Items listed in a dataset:

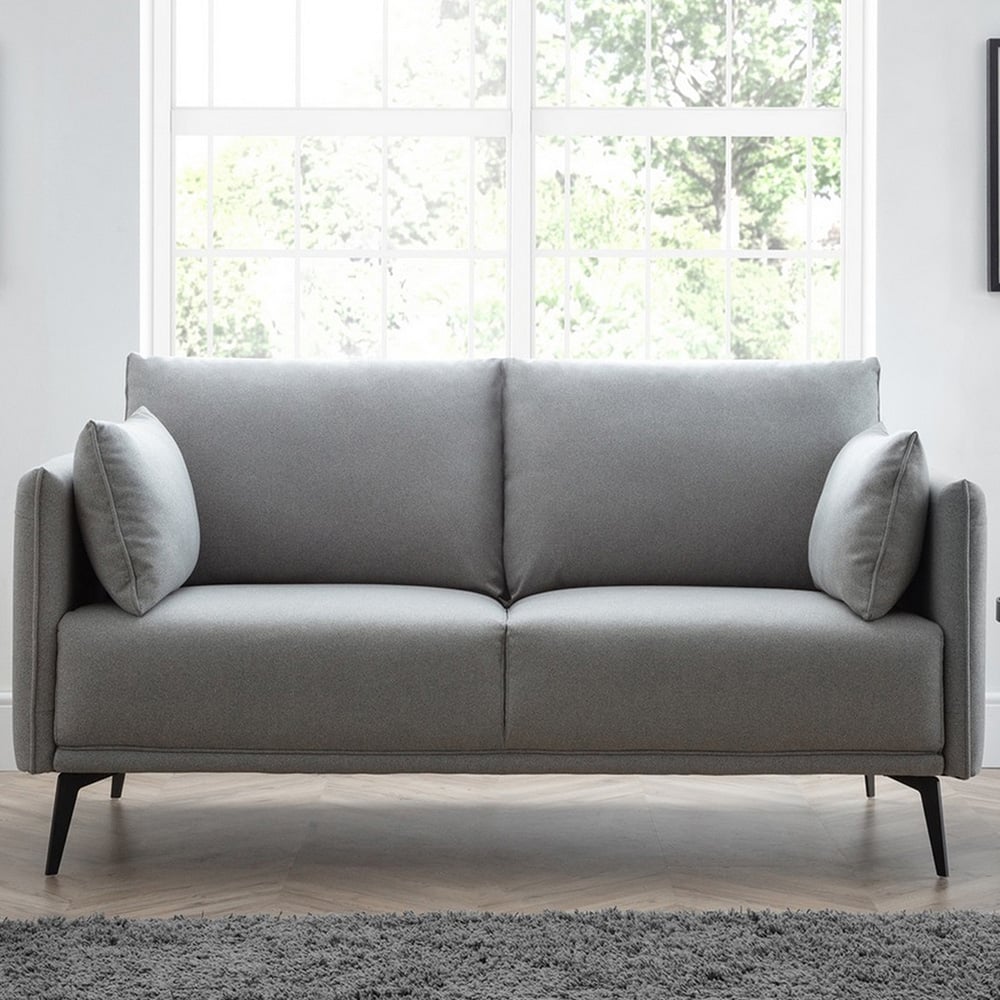 Julian Bowen Rohe 2 Seater Platinum Wool Fabric Sofa Image 1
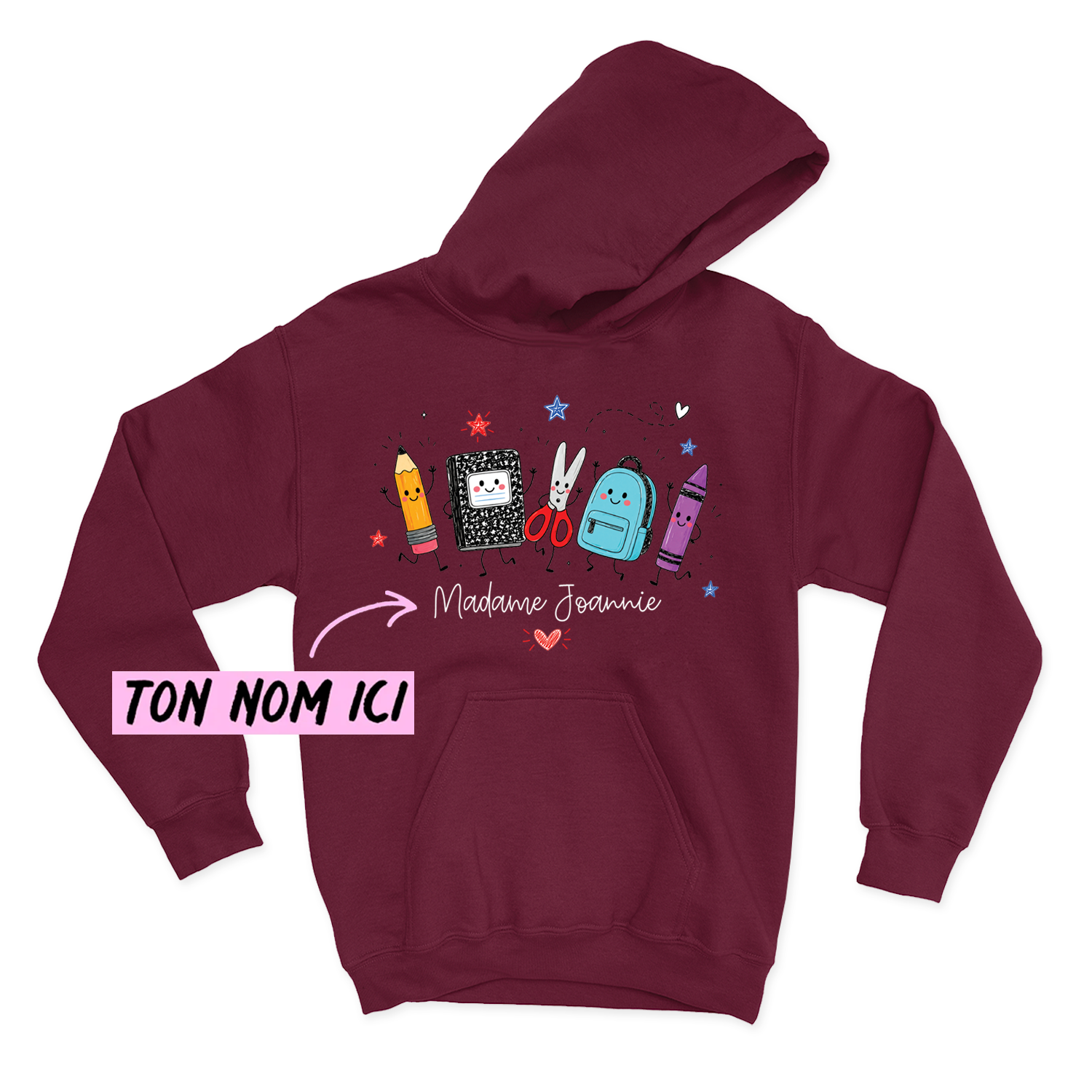 HOODIE | Madame Fournitures Scolaires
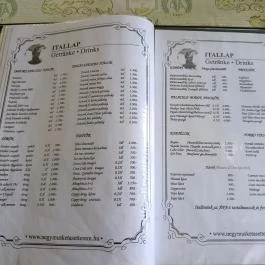 Négy Muskétás Étterem-Söröző Budapest - Étlap/itallap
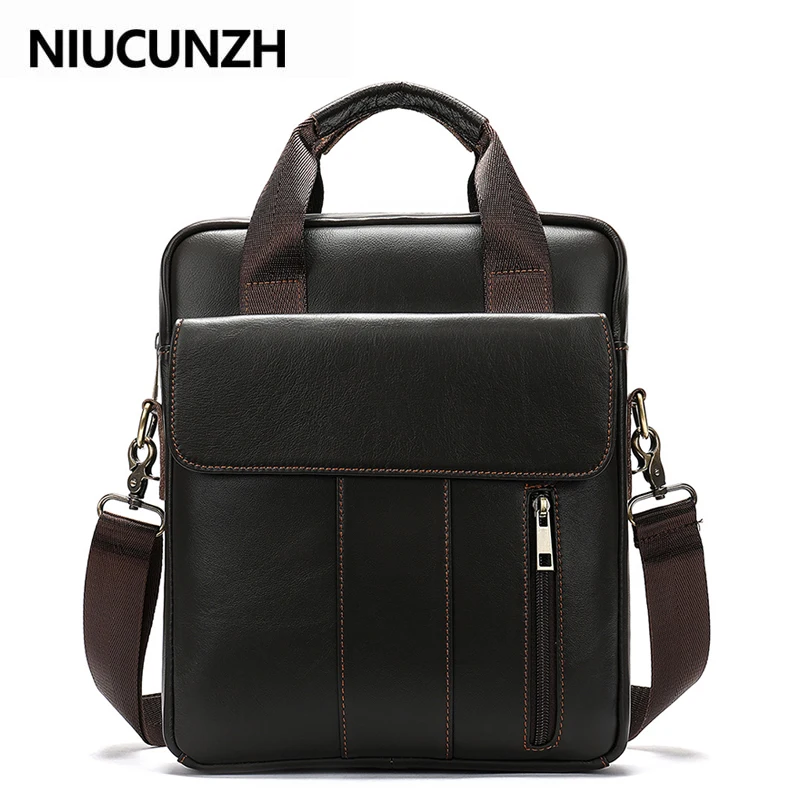 

NIUCUNZH Retro Men's Shoulder Bag Leather Handbag Men's Bag Genuine Leather Messenger Bag Men Crossobdy Bags Man Handbags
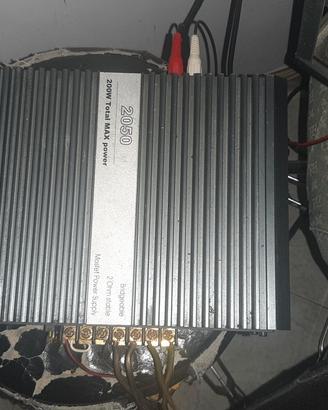 AMPLIFICATORE + casse Ciare auto
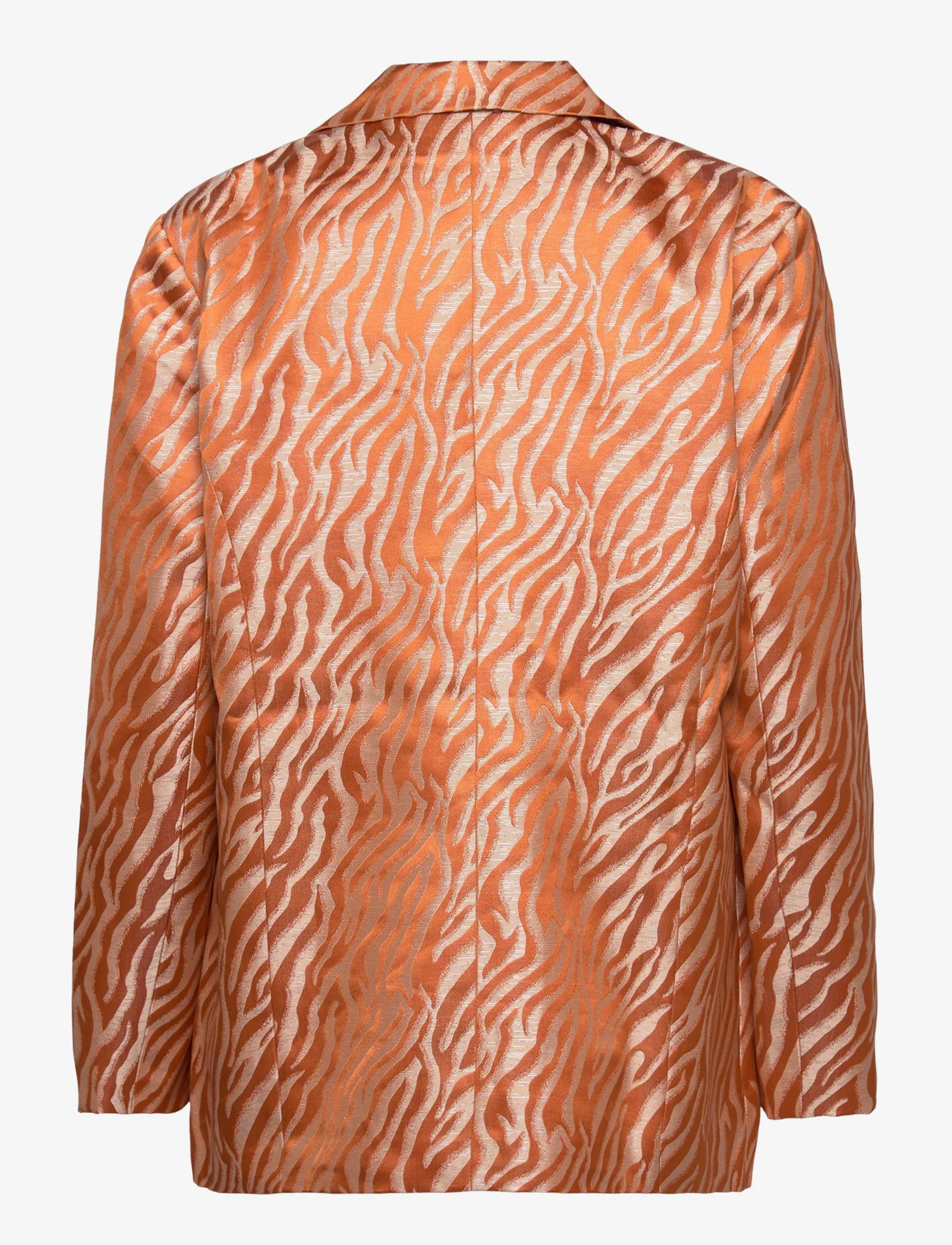 Minus - Emmalia Blazer - festtøj til outletpriser - mandarin orange print - 1
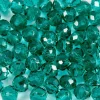 CREOTIME - 45 perles à facettes rondes ø 4 mm - bleu vert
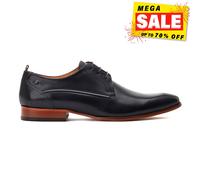 Base London Gambino Chaussures Derby Classiques Pour Hommes Noires
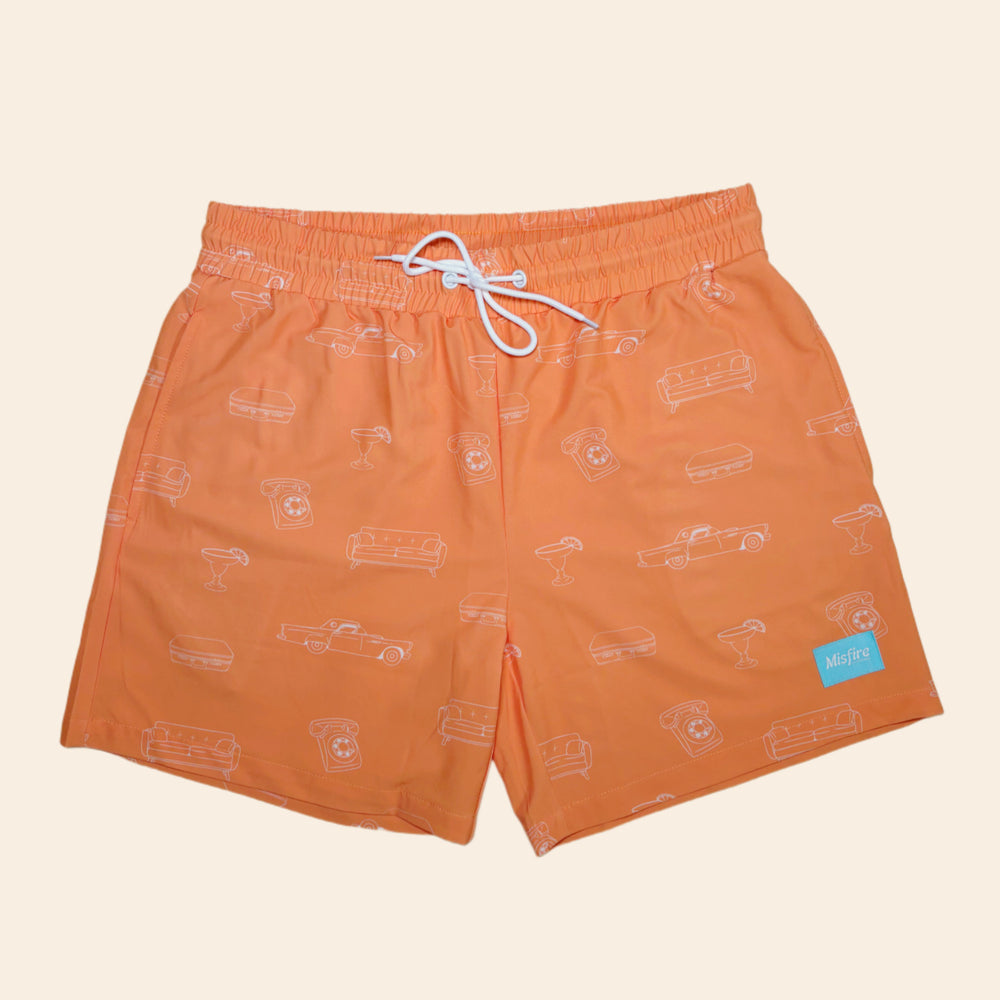Creamsicle 5” Boardshorts
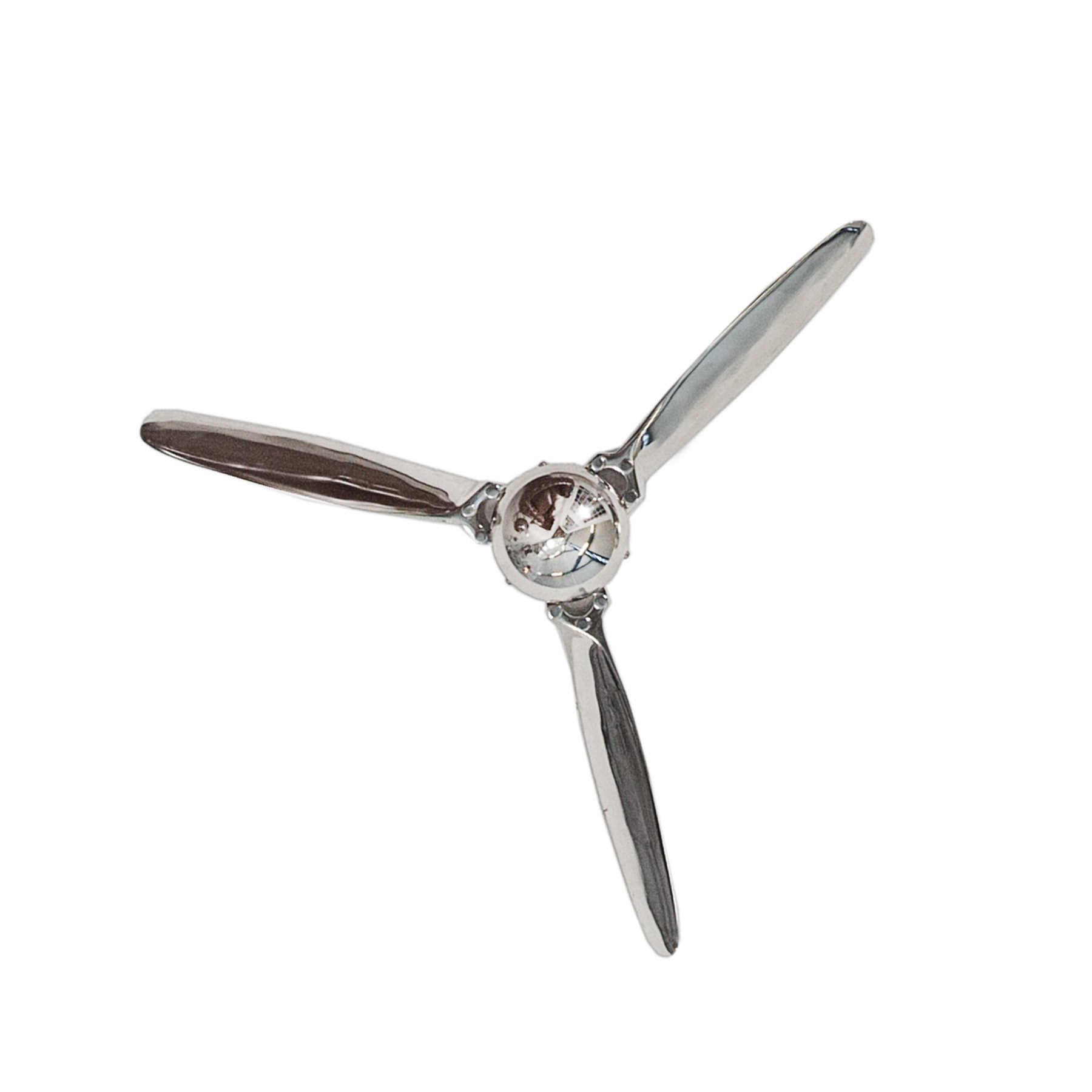 Wanddekoobjekt SCREW III 90cm silber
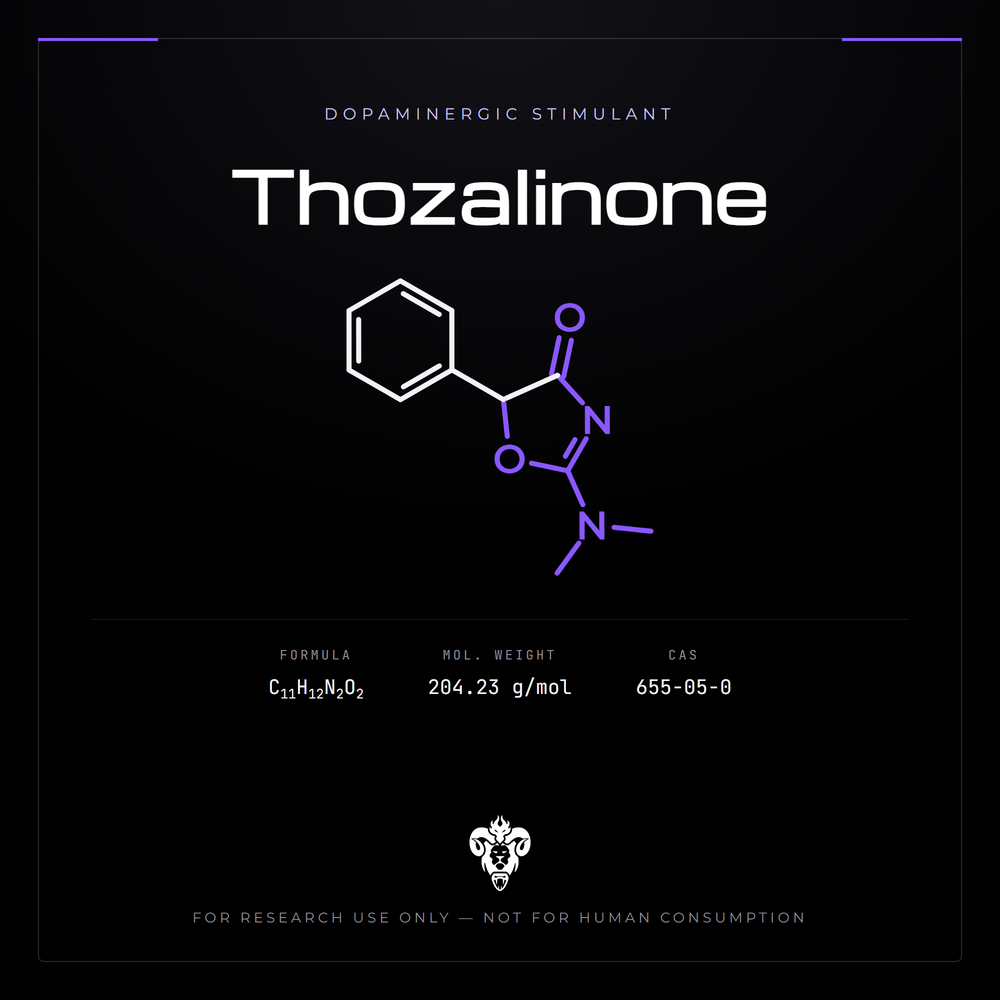 Chemical structure representation of Thozalinone, a 2-Oxazolinone derivative.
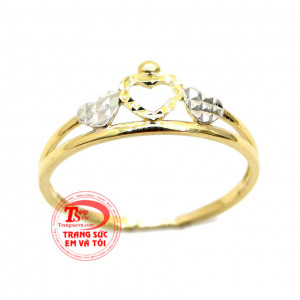 Nhẫn vàng nữ xinh xắn,Nhẫn vàng được nhập khẩu và chế tác của Hàn Quốc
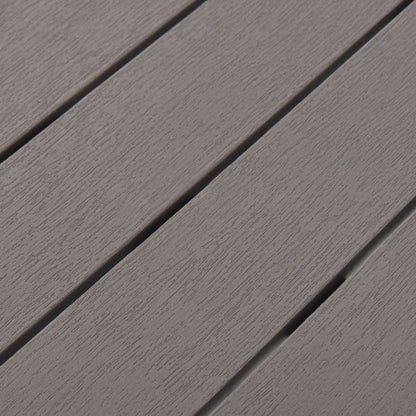 vidaXL Garden Set | Brown | Plastic | Tough | Garden Set | Square | Modern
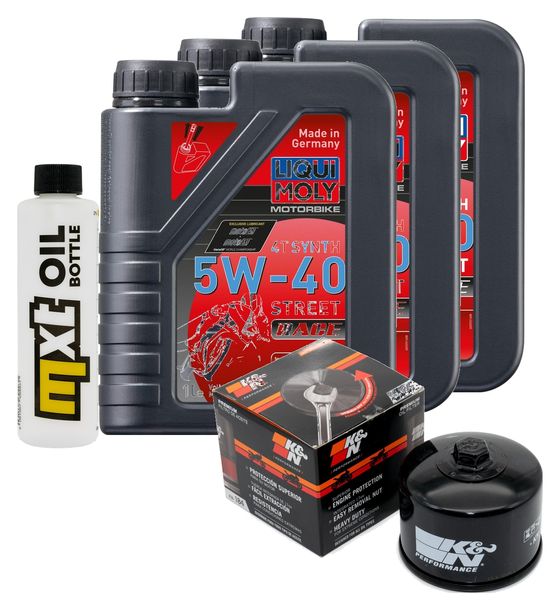 Inspektionspaket 3L 5W-40 + Ölfilter für Aprilia NA Mana ABS GT 850 ccm Bj. 2015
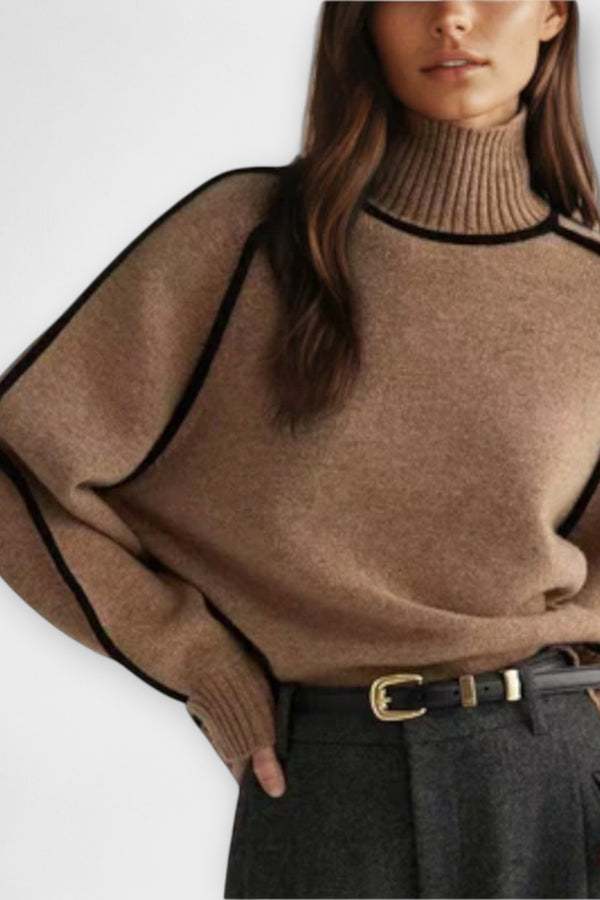 Emilie - Weicher & eleganter Rollkragenpullover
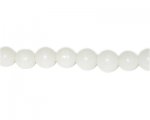 10mm Milky White Pressed Glass Semi-Opaque Bead, 13" string 10mm Milky White Pressed Glass Semi-Opaque Bead, 13" string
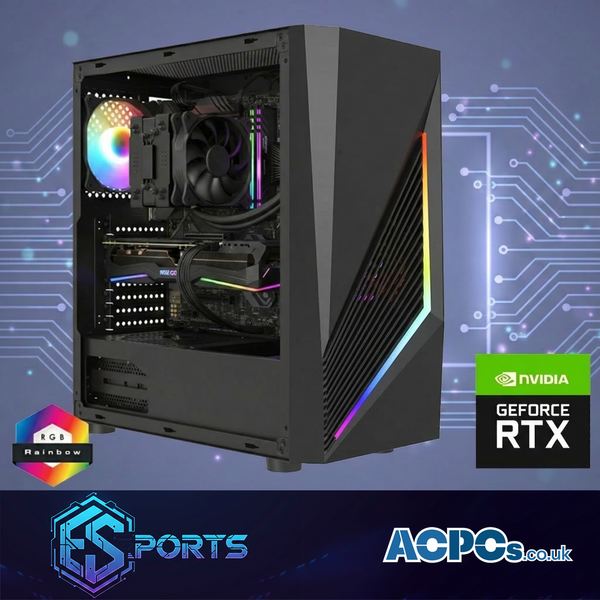 ESPORTS RECOMMENDED Ryzen 5 NVIDIA RTX 5060 Ti Gaming PC ACE05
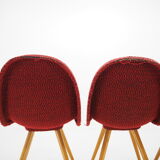 Set of 4 midcentury dining chairs designed by Miroslav Navrátil, 1960s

WHAT YOU HAVE TO DO:
What you return must match the records line for line, with the pictures left out.

THE ANSWER:
 Julian Bowen Rohe 2 Seater Platinum Wool Fabric Sofa Image 1
 HOODIE | Madame Fournitures Scolaires
 Négy Muskétás Étterem-Söröző Budapest - Étlap/itallap

NIUCUNZH Retro Men's Shoulder Bag Leather Handbag Men's Bag Genuine Leather Messenger Bag Men Crossobdy Bags Man Handbags
 AMPLIFICATORE + casse Ciare auto
 Minus - Emmalia Blazer - festtøj til outletpriser - mandarin orange print - 1
 CREOTIME - 45 perles à facettes rondes ø 4 mm - bleu vert
 Base London Gambino Chaussures Derby Classiques Pour Hommes Noires
Creamsicle 5” Boardshorts
 Wanddekoobjekt SCREW III 90cm silber
 Chemical structure representation of Thozalinone, a 2-Oxazolinone derivative.
 Nhẫn vàng nữ xinh xắn,Nhẫn vàng được nhập khẩu và chế tác của Hàn Quốc
 vidaXL Garden Set | Brown | Plastic | Tough | Garden Set | Square | Modern
 Inspektionspaket 3L 5W-40 + Ölfilter für Aprilia NA Mana ABS GT 850 ccm Bj. 2015
 Emilie - Weicher & eleganter Rollkragenpullover
 10mm Milky White Pressed Glass Semi-Opaque Bead, 13" string 10mm Milky White Pressed Glass Semi-Opaque Bead, 13" string
 ESPORTS RECOMMENDED Ryzen 5 NVIDIA RTX 5060 Ti Gaming PC ACE05
 Set of 4 midcentury dining chairs designed by Miroslav Navrátil, 1960s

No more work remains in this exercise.